For a thorough understanding of the present invention, reference is made to the following detailed description of the preferred embodiments, taken in conjunction with the accompanying drawings in which reference numbers designate like or similar elements throughout the several figures of the drawing. Briefly:
In the following description, certain terms have been used for brevity, clarity, and examples. No unnecessary limitations are to be implied therefrom and such terms are used for descriptive purposes only and are intended to be broadly construed. The different apparatus, systems and method steps described herein may be used alone or in combination with other apparatus, systems and method steps. It is to be expected that various equivalents, alternatives, and modifications are possible within the scope of the appended claims.
The dominant paradigms for multi-tasking have drawbacks. Pre-emptive scheduling is a practical necessity in all but the simplest systems. The pitfalls of unexpected pre-emption are particularly subtle and dangerous in embedded systems which are the digital brains of most modern electronics.
An example embodiment of the claims may require custom hardware added to a CPU. A new instruction is added to the instruction set that test flags placed in the code of a task. If the flag is set, then the code calls a yield function just like an interrupt or other exception. Another method may include placing a special bit, for example an auxiliary bit, in the instruction format. This special bit is set only on the instructions which represent the compiler-inserted yield opportunity. The flag option adds overhead and may reduce system performance by 10 to 15 percent. The auxiliary bit imposes no performance overhead, but does require more memory, and thus more silicon area and therefore higher hardware cost. The increase in memory will be one bit per instruction and the size of an instruction may vary from 8 bits to 64 bits. A reasonable estimate of the impact is an increase in the program memory size by a half a percent.
A modified ARM processor may be able to accommodate this auxiliary bit. It has a “conditional execution” means which allows instructions to be converted to a no-op (operation which does nothing) if the ALU status flags do not match a specified condition. A modified ARM processor could be synthesized and have an additional flag. Conditional execution is controlled by a four-bit field in the instruction word. One of the four bit combinations, all ones, is not used. This code could be used to trigger the testing of a pre-emption-pending flag and the instruction, which would trigger an exception that would only execute if that flag is set.

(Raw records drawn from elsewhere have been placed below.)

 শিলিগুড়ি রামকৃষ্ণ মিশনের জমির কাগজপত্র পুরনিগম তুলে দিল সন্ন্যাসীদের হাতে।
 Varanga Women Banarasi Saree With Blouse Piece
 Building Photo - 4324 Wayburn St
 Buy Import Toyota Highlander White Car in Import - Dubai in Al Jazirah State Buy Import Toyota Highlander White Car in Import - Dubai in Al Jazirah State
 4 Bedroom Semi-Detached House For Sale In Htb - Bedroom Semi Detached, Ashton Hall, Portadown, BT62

Another example embodiment may include a CPU implemented in field-programmable gate arrays (FPGA) to have an extra bit that could be used as an auxiliary bit.
Another example embodiment may include an ARM processor in conjunction with a TST instruction. The TST instruction tests the pre-emption-pending flag and transfers it to one of the ALU flags, e.g. Z. The following instruction is configured to conditionally execute on this ALU flag and, if it is set, trigger the exception. The SWI instruction is ideal for this purpose. The compiler may make sure that the value of the Z flag does not need to be preserved between lines. In a typical high-level language such as “C”, this situation will rarely arise as the ALU flags do not correspond to any concept in the high-level language.
The Microchip PIC family of processors does not support conditional execution of the instant instruction but they do have a class of instruction that is a “test and skip.” Based on some condition or comparison, these instructions will or will not cause an instruction to be ignored. A BTSC instruction can test the pre-emption-pending flag and the following instruction can be a subroutine call to a yield function or can set a bit that will cause an exception, such as using BSET to set a bit in one of the interrupt pending registers.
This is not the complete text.